Overall, Isa highlights the speed and flexibility of developing applications with LLMs, noting that a small set of carefully selected examples can be surprisingly effective in creating a robust system. The next video will address evaluating outputs when the correct answer is more ambiguous.

Evaluation Part II

The video discusses methods for evaluating the quality of a language model’s (LLM) generated text when there isn’t just one correct answer. It introduces the concept of a rubric, which is a set of guidelines used to assess the LLM’s output on different dimensions such as factual accuracy, consistency, and completeness in relation to provided context. Two design patterns are presented for evaluation:

  1. Using a rubric to evaluate the LLM’s output without an expert-provided ideal answer. The rubric checks whether the LLM’s response is based only on the given context, doesn’t include made-up information, and doesn’t disagree with the context. An example is provided where the LLM’s response is evaluated as good under these criteria.

  2. Comparing the LLM’s output to an expert-provided ideal answer. Traditional NLP metrics like BLEU score can measure similarity, but a more effective method is to have another LLM compare the generated text to the ideal answer using a rubric. An example demonstrates how the LLM rates its own output against an expert answer, and it is deemed consistent but shorter, receiving a high score.

The video also suggests that while GPT-3.5 Turbo is used for demonstration, GPT-4 might be more appropriate for robust evaluations despite being more expensive. Additionally, the OpenAI open source evals framework is mentioned as a resource for evaluation methods and community contributions.

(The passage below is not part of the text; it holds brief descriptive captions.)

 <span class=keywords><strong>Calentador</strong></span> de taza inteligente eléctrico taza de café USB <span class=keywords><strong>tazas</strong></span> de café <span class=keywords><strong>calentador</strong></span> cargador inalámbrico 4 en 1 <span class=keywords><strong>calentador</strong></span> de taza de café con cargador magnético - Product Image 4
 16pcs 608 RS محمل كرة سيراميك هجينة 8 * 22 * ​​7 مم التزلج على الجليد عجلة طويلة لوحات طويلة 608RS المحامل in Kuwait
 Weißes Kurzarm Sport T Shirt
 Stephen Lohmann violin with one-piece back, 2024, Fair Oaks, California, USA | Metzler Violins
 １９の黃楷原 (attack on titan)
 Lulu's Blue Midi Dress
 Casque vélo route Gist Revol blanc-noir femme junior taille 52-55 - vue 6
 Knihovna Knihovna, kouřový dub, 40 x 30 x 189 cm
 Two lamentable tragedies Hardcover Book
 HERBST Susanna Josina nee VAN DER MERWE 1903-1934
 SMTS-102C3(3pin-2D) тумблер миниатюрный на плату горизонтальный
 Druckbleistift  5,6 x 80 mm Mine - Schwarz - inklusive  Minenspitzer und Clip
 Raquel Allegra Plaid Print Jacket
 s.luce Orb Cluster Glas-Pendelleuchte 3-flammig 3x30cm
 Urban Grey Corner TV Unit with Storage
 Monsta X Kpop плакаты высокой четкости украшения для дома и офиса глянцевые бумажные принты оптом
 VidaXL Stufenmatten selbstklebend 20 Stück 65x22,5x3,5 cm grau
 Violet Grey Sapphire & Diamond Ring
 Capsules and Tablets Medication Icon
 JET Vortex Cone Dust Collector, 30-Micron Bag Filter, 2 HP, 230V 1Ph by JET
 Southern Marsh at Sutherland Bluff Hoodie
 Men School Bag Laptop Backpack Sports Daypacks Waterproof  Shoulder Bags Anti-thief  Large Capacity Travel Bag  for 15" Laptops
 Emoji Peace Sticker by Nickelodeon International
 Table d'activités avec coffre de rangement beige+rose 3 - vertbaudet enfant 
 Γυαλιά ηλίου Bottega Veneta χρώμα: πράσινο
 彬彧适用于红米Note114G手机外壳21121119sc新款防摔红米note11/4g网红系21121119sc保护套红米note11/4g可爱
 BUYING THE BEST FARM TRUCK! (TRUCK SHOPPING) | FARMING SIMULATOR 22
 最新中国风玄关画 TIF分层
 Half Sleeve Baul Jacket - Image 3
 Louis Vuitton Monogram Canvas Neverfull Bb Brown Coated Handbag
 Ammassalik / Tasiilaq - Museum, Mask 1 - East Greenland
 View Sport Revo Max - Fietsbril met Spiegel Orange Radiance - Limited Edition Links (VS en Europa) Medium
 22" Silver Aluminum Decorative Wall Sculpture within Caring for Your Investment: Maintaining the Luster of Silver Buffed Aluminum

In summary, the video provides insights on how to assess the quality of LLM outputs using rubrics and comparisons with expert answers, and it emphasizes the importance of continuous monitoring and improvement of LLM systems.

Summary

The course concluded with a summary of its main topics, including the workings of an LLM, the importance of tokenizers, methods for evaluating and ensuring the quality and safety of user inputs, utilizing chain of thought reasoning, breaking tasks into subtasks with chain prompts, and the necessity of monitoring and improving system performance over time. The course emphasized responsible development, ensuring safe, accurate, relevant, and appropriately toned responses. The participants were encouraged to apply these concepts in their projects, with anticipation for the innovative applications they will create.